Boomtown Boudoir


Dior Addict
January 21, 2008, 8:44 pm
Filed under: Drugs, Perfume | Tags: , , ,

The carpet undulated in little ripples of apricot and ivory. Andee and I were slave girls of the great pharaoh languidly reclining on the royal barge. The pharaoh was fondling James. (It was going to be a very tactile trip.)

We trailed our feet over the edge of the bed into the madder red ruby rosettes of the carpet. Indigo petals floated by like lily pads randomly bearing tiny detached heads of people I had known. I could now read our Persian-Kurdish rug in a way I had never been able to before. It was a mythological map of Samarkand with interlacing arabesques of mechanical peacocks, saffron pavilions, orchards and gardens and cypress trees.
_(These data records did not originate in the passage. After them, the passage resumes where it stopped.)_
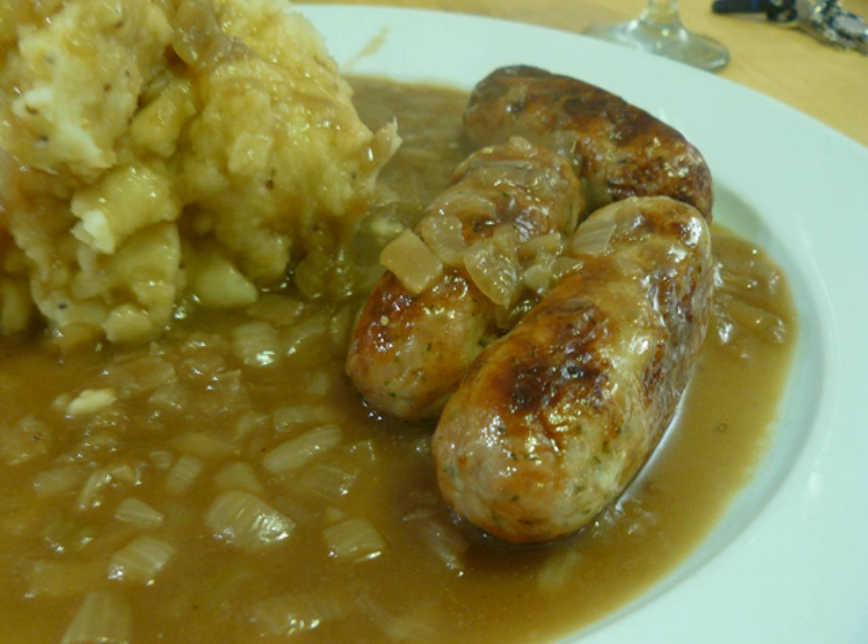Onion gravy is a type of gravy prepared with onion. Various types of onions are used in its preparation, and some onion gravies use several types of onions. Some preparations caramelize the onions. Onion gravy may be served to accompany many foods, such as pork, beefsteak, meatloaf, hamburger, bangers and mash, hot dogs, and french fries, among others.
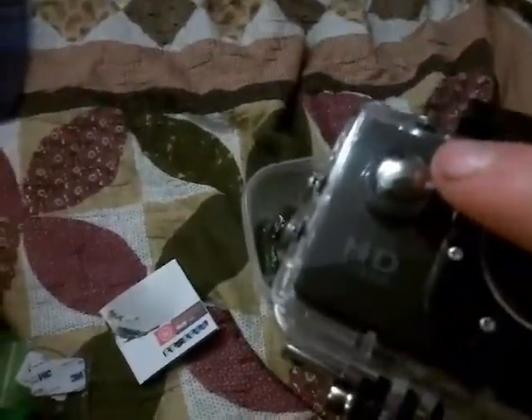Here's your power button and your recording button, you got your OK select button, you zoom in and out, and then it's a waterproof case. There's a 1.5 inch screen, and here's your manual that tells you about how to use it if you don't know how.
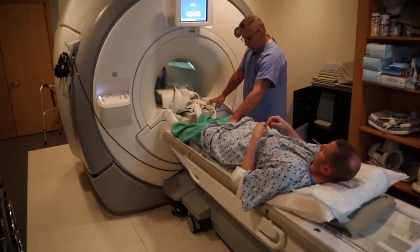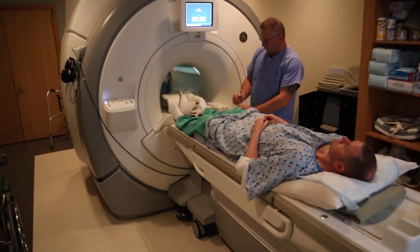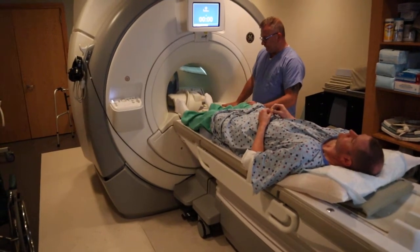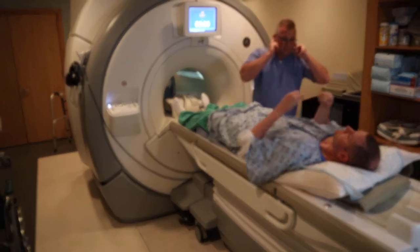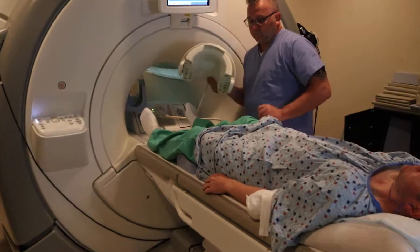The positioning landmark for the knee is going to be the apex of the patella. The patient is going to put earplugs in.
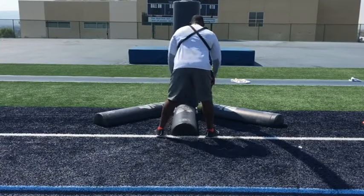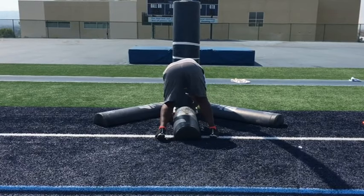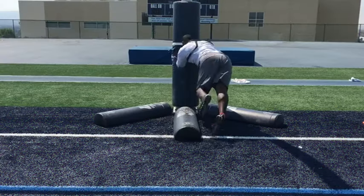Woo, I hope you're ready to work, big dog. Here's one of my favorites — drill number two: strike, flip, and rip. Let's go to work.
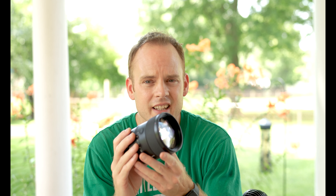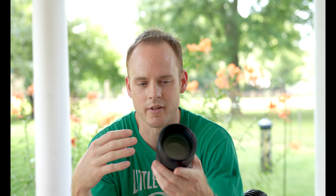One negative in the design is that it has an 82mm front filter thread. If you use any filters on this, prepare to spend a decent amount of money. 82mm isn't as easy to find as 67mm or 72mm, which are more common filter sizes. For the one I got, there were only about 10 different options I'd personally consider.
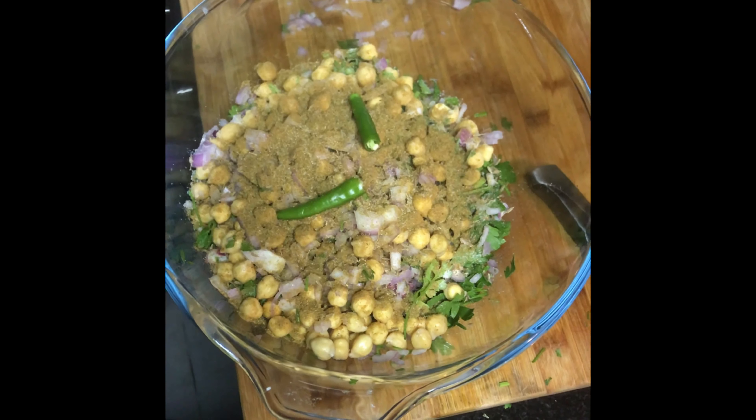We will add 2 to 3 spoons of the corn flour and grind the mixture into a coarse texture. This is a falafel maker — we use it to shape portions of even size.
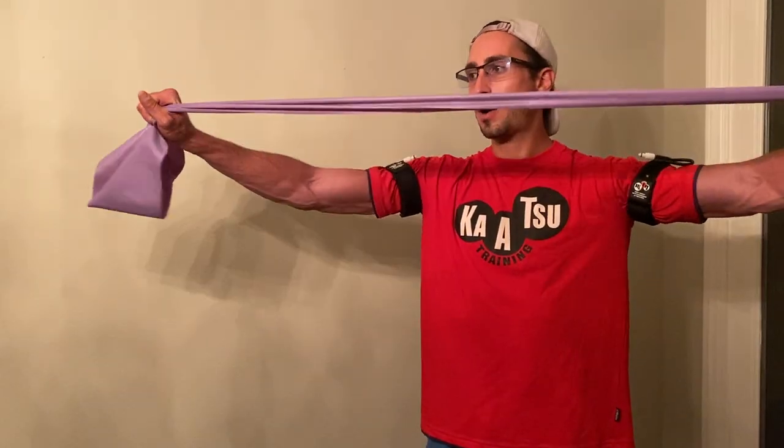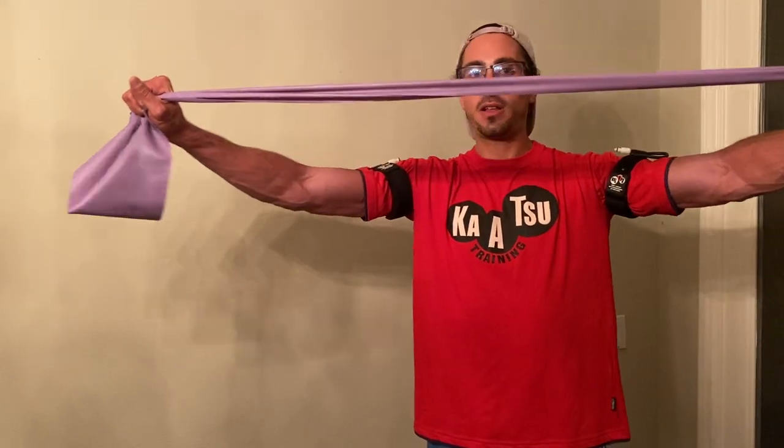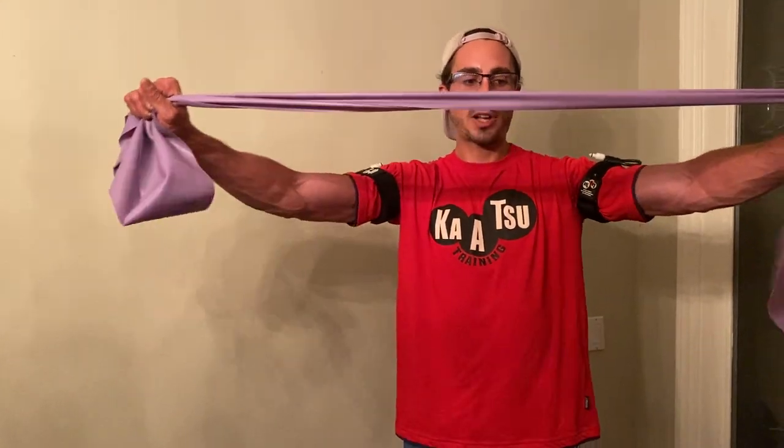The essence of katsu training is simple movement with the body. We can use props like a resistance band, finding that point where we really stretch out the muscle.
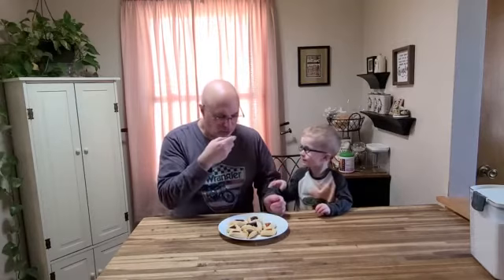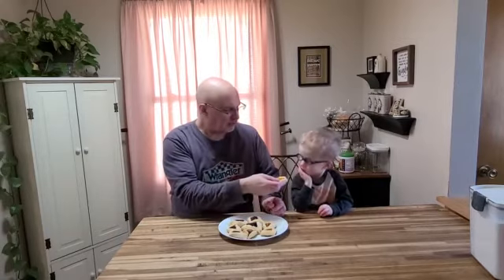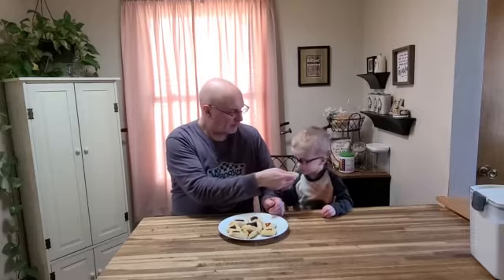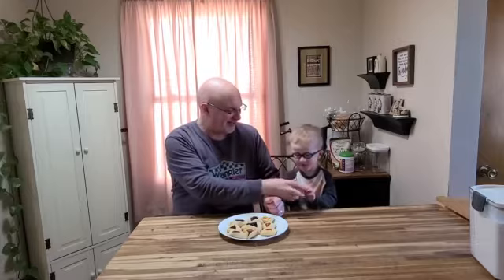So he said he wanted to try the apricot. Give it a try, see what you think. Is that good? You don't want this though, do you? Can I have it? You want another bite? Is that good? Excellent. Thumbs up? Thumbs up. Just your thumb — there you go.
We lived these lives a thousand years ago as courtesans, as opium-eaters at the court of the Kubla Khan. We had drunk of the milk of Paradise and its transforming liquidity made us all quite porous. There were no boundaries where Alph the sacred river ran. No genders, no time and space. We simply sparkled and vibrated. We were all pulsating little Bodhisattvas. I was in love with everybody. Actually, I was everybody.

–From “Faithfull: An Autobiography” by Marianne Faithfull with David Dalton

The thing I’ve always liked about drugs, hallucinogens in particular, is that you don’t actually have to be Marianne Faithfull to experience this sort of imaginative bliss when you take them. The fauxriental rug you got on sale at Marshall’s will work just as well as the real thing as far as undulation is concerned. Your friends will still feel like fellow slave girls and pharaohs regardless of the fact that they are not in or connected to any famous rock bands. The porous sensation resulting from a long draught of the milk of Paradise is the same whether you’re a college student or a sheik’s wayward nephew. Drugs are cheap, democratic, and work just as well on just about anyone who wishes to take them. Spending your whole life on them and having things turn out more or less okay is another story: that’s pretty much reserved for rock royalty only.
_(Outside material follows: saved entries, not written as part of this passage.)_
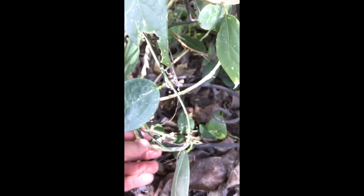It's called corky stem passion vine because when you come to the bottom of the plant, the stem kind of looks and feels like a cork.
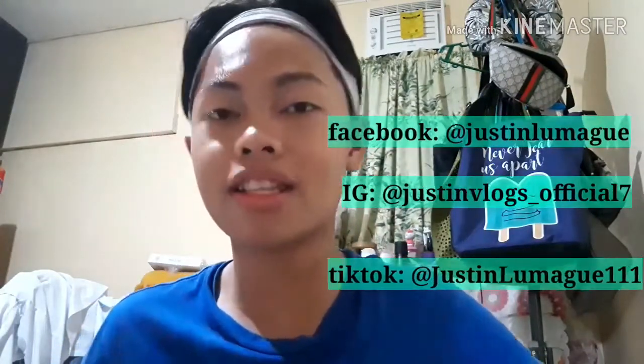Follow me on my Facebook, Instagram, and TikTok. Yes, I use TikTok, though I'm not very good at it — but it's up to you. I recommend following me on Instagram, TikTok, and Facebook because when I'm not here on YouTube, I'm on those apps. Bye guys!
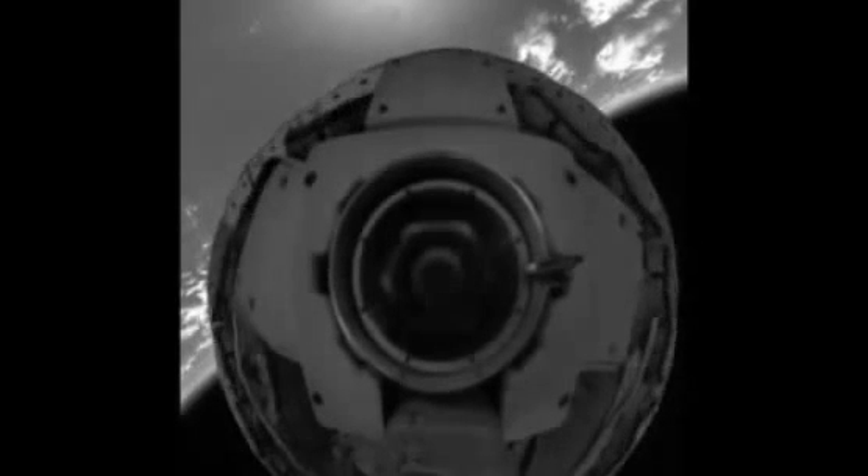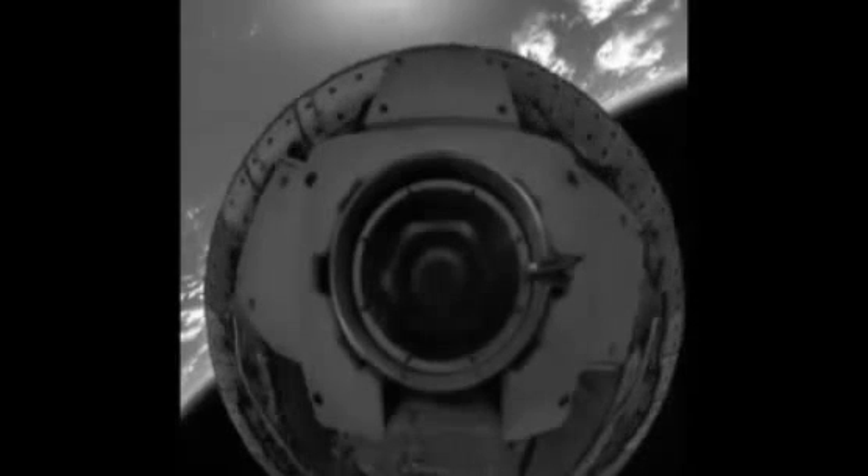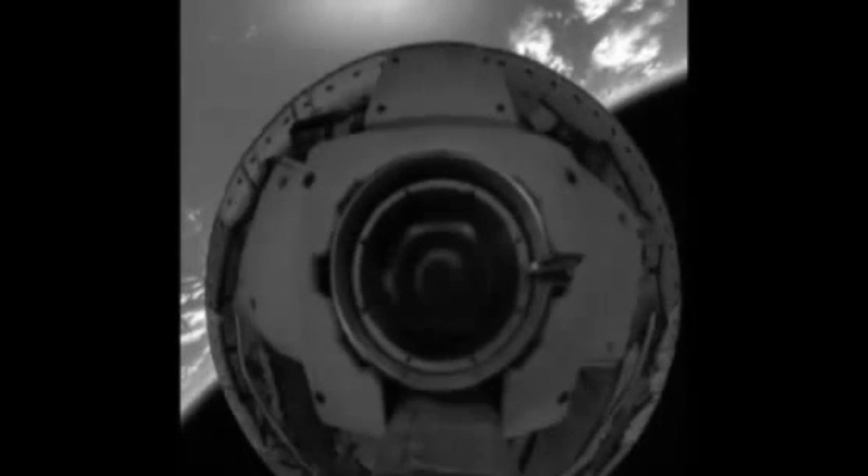And now we're seeing previously unreleased high-definition, high-resolution, and high-speed video taken during the test. We used the supersonic inflatable decelerator to slow us to something closer to two and a half times the speed of sound.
The same could be said about Christian Dior’s Addict, a narcotic potion available at almost any department store and priced at an equal-opportunity $42 for 20 ml. Addict sets the stage well for its particular amazing journey: it opens on a wonderfully weird green note that somehow carries all the mysterious dry tang of hash as well as the sensation of being in some dark primeval forest. This green note is not necessarily nice, in fact, on the wrong day it can be downright disturbing. It has elements of bitterness and dust that hold true throughout most of the perfume’s progression, never allowing the wearer to forget that what they are experiencing is not something everyone will want to experience. Then a deep, dark, syrupy vanilla thick enough to drown a woolly mammoth burbles up from the depths, enveloping the green notes and pulling them down into a deadly quicksand of amber and sandalwood. The effect is rich with all the acute fascination and heightened sensual impulses of an afternoon spent in front of an Oriental carpet with your mind blown and your body alternately strong and weak against its will.
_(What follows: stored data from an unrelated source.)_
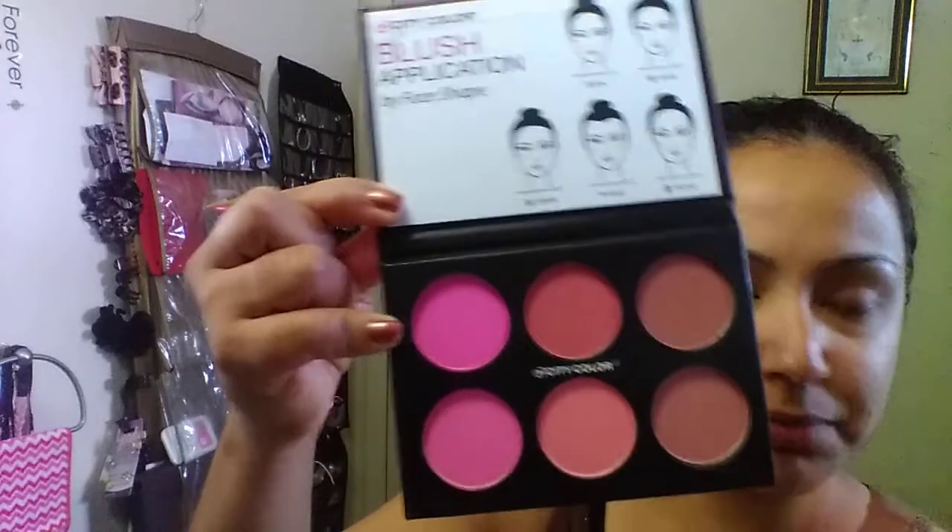I was going to use this as contouring, but I don't think I can. So we're going to test these out — I'm going to swatch them on my hand. Going from the dark pink: one, two, three, four, five, and six. From the texture it's powdery, very light, smooth on. It looks really good and very pigmented, so you could use just a little bit.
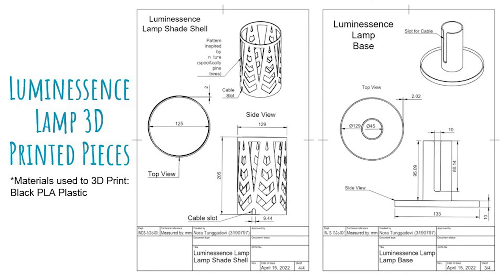For Luminescence, there are two components that were 3D printed for production. The 3D printed components are the shell of the lamp shade and the base of Luminescence. The simplicity of design for both pieces is kept in mind for the user experience, so they can assemble the lamp easily. The pattern on the shell was inspired by trees and nature, to reduce negative emotions and increase pleasant feelings.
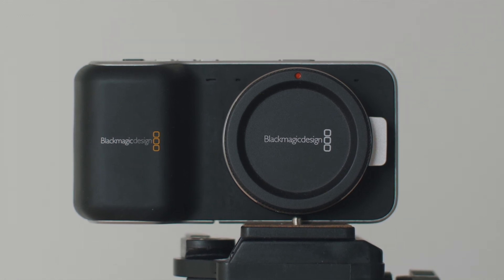If you've done your research on the original Blackmagic Pocket, you'd know that the native ISO of the camera is 800. But today I thought I would confuse you a bit by saying that is both true and not true. So how can it be both true and not true at the same time?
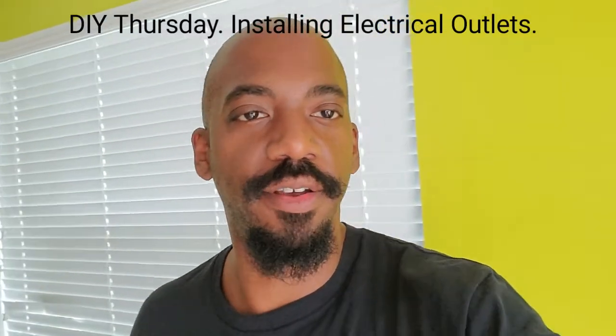Hey guys, what's up, it's me Joseph here for DIY Thursday. Today is a really cool video, it's gonna be a little bit longer. We are going to be installing some electrical outlets in the garage. Just a disclaimer - I'm no electrician. Anything that you do yourself, make sure you do the proper research, pull the necessary permits, talk to any professionals, or even hire a professional before you begin any job. You always want to be safe.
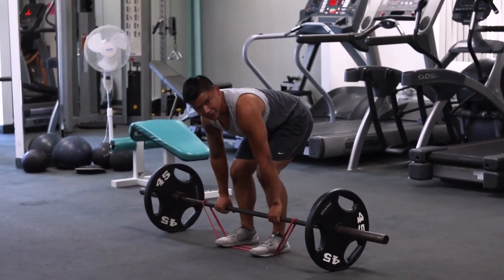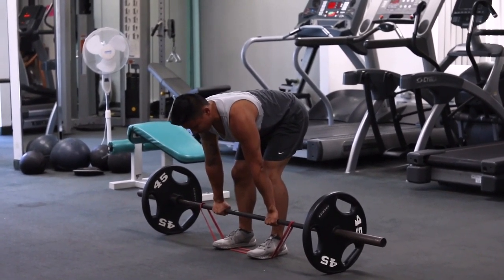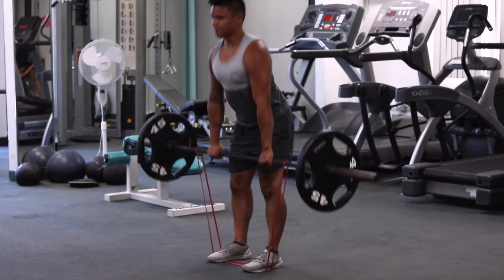Once you're in position, you can start your pull. Hips back, chest high, and then up.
It is difficult, when wearing Addict, not to be transported–I would like to meet the woman who wears this to work. It’s strength is such that even one spray leaves it clinging to a sweater until a visit to the local dry-cleaner is made, and its dense sillage makes it practically impossible to wear without drawing comments. Like drugs, once you get down with Addict, you have crossed definitively to the other side–the fun side, where all the bad kids hang out. The problem with this side is the chance that you could actually become an addict–a slave to your senses, existing only to experience an artificial thrill that has somehow become more important to you than actually living. Here’s the difference, though: this state is far more safely experienced with a perfume than an actual drug. I would venture that this something upon which Dior’s advertising executives, if not Marianne Faithfull, would probably agree.